We need peace. Do you?
Time magazine recently reported four traits which lead to hypertension: a tendency to get upset when having to wait, a tendency to eat took quickly, a feeling of pressure as the end of the regular workday approaches, and a feeling of time pressure in general. Do you have all four? Then you are twice as likely as others to develop moderate to severe hypertension (Time, 12-2-02).
We need peace. New research suggests that those who live to be 100 are less likely to dwell on problems and have a better ability to handle stress than those who die younger. Says Charlotte Chipman, 100 years old: “Life has a way of mixing grief with joy, evil with good, darkness with light. You have to be good at handling this, and go along with whatever comes your way” (Dallas Morning News, 11-29-02, p.55A).
We need peace. And now it’s Christmas, the busiest season of the entire year.
Fortunately, there’s good news inside the shopping malls. One area mall has created the Spouse House “for those who’d rather watch TV than shop, but still feel obligated to accompany a spouse to the mall. It features football, pizza, soda, snacks, even skating—all for free” (DMN 11-30-02, p.33A). That’s the mall for me.

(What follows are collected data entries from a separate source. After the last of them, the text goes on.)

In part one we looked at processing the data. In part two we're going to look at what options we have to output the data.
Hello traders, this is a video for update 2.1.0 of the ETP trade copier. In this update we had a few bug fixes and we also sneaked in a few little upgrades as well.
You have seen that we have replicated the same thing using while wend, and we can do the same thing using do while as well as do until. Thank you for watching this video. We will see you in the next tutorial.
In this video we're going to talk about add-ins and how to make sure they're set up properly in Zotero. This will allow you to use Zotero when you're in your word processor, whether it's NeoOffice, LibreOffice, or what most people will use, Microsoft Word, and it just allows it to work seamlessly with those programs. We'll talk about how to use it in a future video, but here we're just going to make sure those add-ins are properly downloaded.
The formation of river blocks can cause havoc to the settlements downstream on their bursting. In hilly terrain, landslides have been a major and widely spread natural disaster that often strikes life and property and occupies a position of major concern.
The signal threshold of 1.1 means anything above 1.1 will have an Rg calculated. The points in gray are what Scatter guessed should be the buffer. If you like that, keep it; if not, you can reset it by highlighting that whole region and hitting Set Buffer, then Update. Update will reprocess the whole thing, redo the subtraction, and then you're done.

What does our world need more than it needs peace this morning? What about you?
Do you need peace?
Last week we discovered the people “in the news” during the first Christmas. Today let’s focus on those who made the news, then and for all time. Here’s what we know about their first Christmas.

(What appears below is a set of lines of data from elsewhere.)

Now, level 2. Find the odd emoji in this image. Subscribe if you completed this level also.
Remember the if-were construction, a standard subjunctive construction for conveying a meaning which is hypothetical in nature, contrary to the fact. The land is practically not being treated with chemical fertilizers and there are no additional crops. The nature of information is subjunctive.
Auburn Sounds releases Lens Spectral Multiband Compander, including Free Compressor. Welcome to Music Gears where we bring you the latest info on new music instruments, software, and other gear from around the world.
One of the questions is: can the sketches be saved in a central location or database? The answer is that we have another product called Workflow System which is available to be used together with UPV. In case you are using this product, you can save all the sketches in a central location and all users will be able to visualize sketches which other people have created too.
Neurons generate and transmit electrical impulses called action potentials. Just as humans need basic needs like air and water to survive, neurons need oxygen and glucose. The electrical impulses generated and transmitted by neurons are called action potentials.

Mary and Joseph have come from Nazareth to Bethlehem. They must do this because the Empire requires another registration, an enrollment for purposes of census figures and future taxation. Caesar Augustus had issued this decree in 8 B.C.; Herod the Great delayed its enforcement for two years. The Jews kept family records at their ancestral home, which for Joseph’s family, was Bethlehem.

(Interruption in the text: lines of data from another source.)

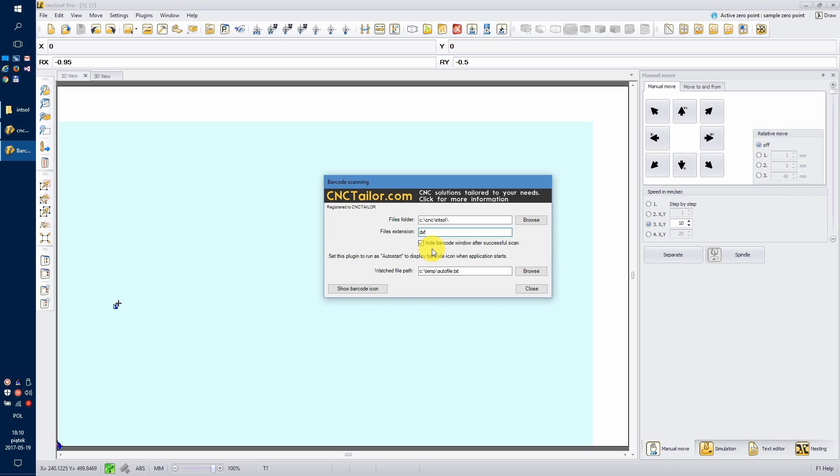And the last setting is the watcher file path. This is a file that CNC graph is watching, and CNC graph will load the file path that is written to this file. We just need to make sure that this function is enabled. It is a good chance that this is enabled, but let's check it anyway just to be sure.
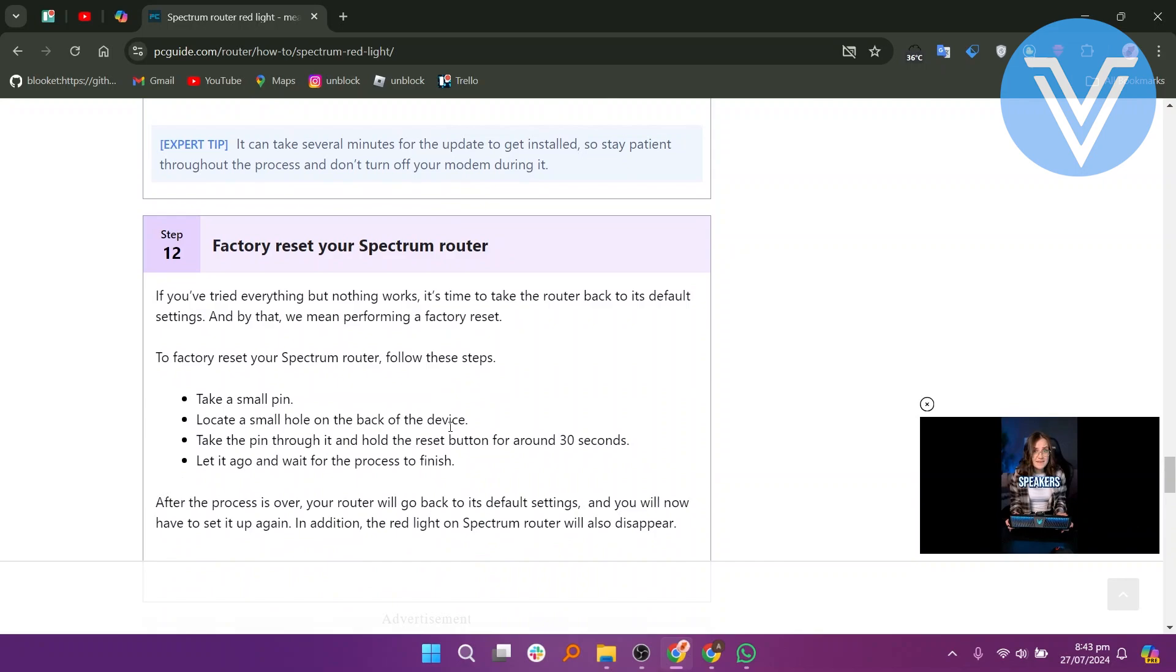Finally, if nothing works, perform a factory reset on the router. Use a small pin to press the reset button located in a small hole on the back of the device for around 30 seconds. After the process is complete, the router will return to its default settings and you will need to set it up again. The red light should disappear after this.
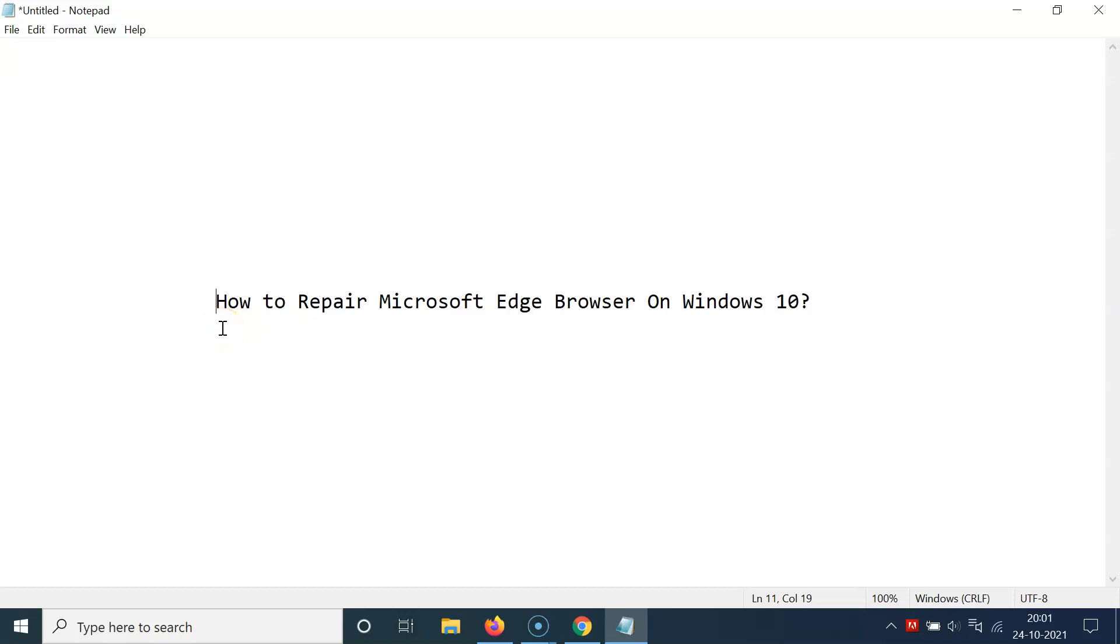Hi guys, in this tutorial I'm going to show you how to repair Microsoft Edge browser on Windows 10. So let us start.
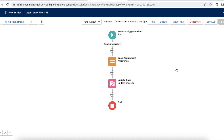Once the agent accepts the case, they can edit the case so that it can execute the process automations. But if we have some business critical process that has to be taken care of when the agent accepted the case and the owner was changed from Omnichannel, then we can make use of a record-triggered flow on the Agent Work entity.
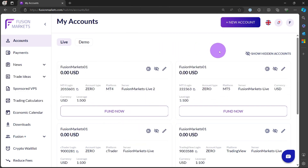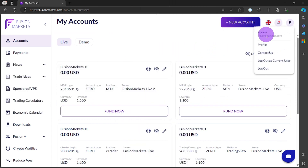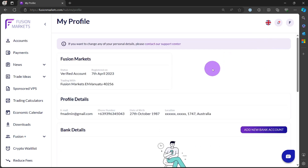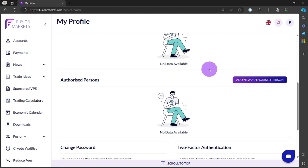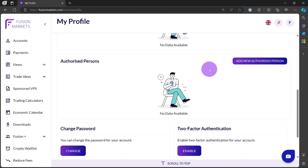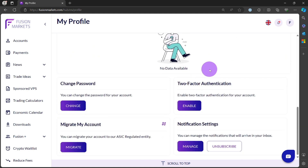To update the information in your profile, click on your name icon located at the top of the page and then select Profile. Here you can make changes to your profile details. Please note that certain information, such as your name, email address, and physical address, may require you to contact Fusion Market support to make changes.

So they traveled together 80 miles (90 if they went around Samaria). He walked, she likely rode on a donkey’s back. The road climbed 734 feet in elevation from Nazareth to Bethlehem. Imagine yourself nine months pregnant, or your wife in that condition, as you set out to walk from here to Waco.
Finally the three arrive, but “there was no room for them in the inn” (v. 7).
Tradition says that this was a caravansary, a hotel to our culture, and that when they arrived late after their slow journey, its rooms were already filled. Preachers for twenty centuries have made much of the innkeeper who had no room for the Christ.
Now scholars aren’t so sure. No “innkeeper” is mentioned in the text. And the word for “inn,” kataluma, typically means a “guest room” (cf. Luke 22:11: “Where is the guest room, where I may eat the Passover with my disciples?”). The word here was most commonly used for the room allotted to visitors in a private house.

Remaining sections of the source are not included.